Wellness in Balance
Das Wissen vom gesunden Leben ist seit 2000 Jahren in Bewegung
Wellness ist in aller Munde. Wellness kommt aus der Mode, Wellness ist ein Schimpfwort. Wellness ist verwässert … Aber wo kommt das Wort eigentlich her?
Wer glaubt, Wellness wäre ein Modewort aus den 90er Jahren, irrt: Bereits seit 300 Jahren existiert das Wort im Englischen und steht für Wohlbefinden und Gesundheit.
Während in Deutschland der Beginn der Wellness-Strömung im Bereich Kosmetik und Massage lag, war er in den USA von Anfang an mit dem Thema Gesund leben verbunden. So setzte sich dort bereits in den 50er Jahren Dr. Dunn für einen gesundheitsorientierten Lebensstil ein. Er verfolgte das Ziel, die Menschen über ihren Körper und die Gesundheit zu informieren und sie damit von den „Halbgöttern in weiß“ unabhängiger zu machen. Verschiedene Wellnessmodelle wurden dann in den 70er Jahren auch von Dr. Hettler und Dr. Ardell aufgestellt, bis schließlich Dr. Travis ein Wellnessmodell formulierte, das ganze zwölf Bereiche umfasste, die für ein Gleichgewicht des Menschen und für seine Gesundheit von Bedeutung wären. Dieses Travis-Modell wird heute bei der Ausbildung von Wellnesstrainern und -beratern behandelt und bildet die wichtigsten Grundlagen (siehe Grafik).
All diese Wellnessexperten verfolgen das Ziel, zu untersuchen wie und warum ein Mensch GESUND sein kann und gegen Krankheiten gewappnet ist. Gerade die Entwicklung der großen Volkskrankheiten machen so eine Untersuchung notwendig, denn obwohl wir mittlerweile im Durchschnitt sehr alt werden, sind die Kosten dieser Krankheiten für den Einzelnen ebenso groß wie für das Gesundheitssystem insgesamt. Eine internationale Forschungsstudie aus den 70er Jahren stellte gar fest, dass die Ursachen für einen frühen Tod vor dem 65. Lebensjahr zu 48% im Lebensstil zu suchen sind, gefolgt von lediglich 24%, die genetisch bedingt sein sollen und immerhin 28% in weiteren Umweltfaktoren und dem Medizinsystem liegen. Seither wurde das Thema immer populärer.

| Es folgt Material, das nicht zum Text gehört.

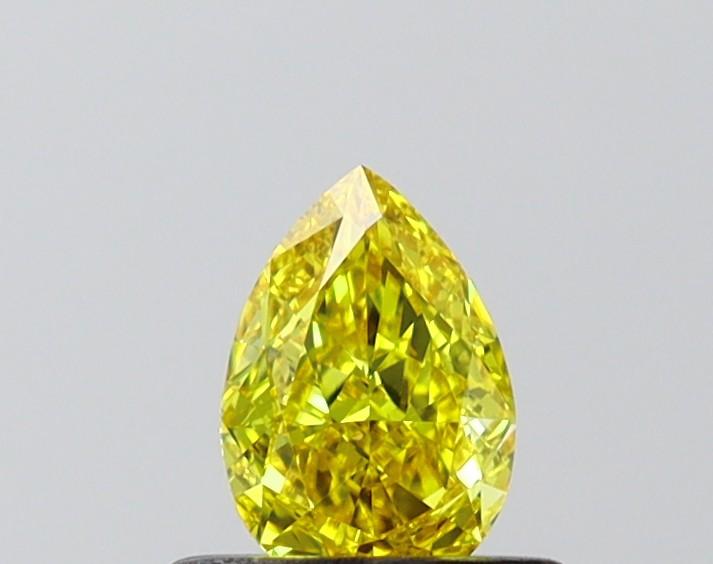 0.51 Ct. Fancy Vivid Yellow Pear Lab Grown Diamond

Gemeinsam sind diesen Wellness-Modellen die Bereiche Bewegung, Ernährung, Entspannung, und dies sind auch die Bereiche, in denen – neben Suchtprävention – die Krankenkassen heutzutage Präventionskurse anbieten. Ob zu Hause oder im Kurort/Gesundheitsurlaub – zwischen einem und fünf Kursen kann der gesetzlich Versicherte jährlich in den verschiedenen Bereichen besuchen. Von Nordic Walking über Tai Chi, Qi Gong, Rückenschule oder autogenes Training – sie sollen helfen, die weit größeren Kosten bei späteren Krankheiten zu reduzieren. (siehe auch Seite …)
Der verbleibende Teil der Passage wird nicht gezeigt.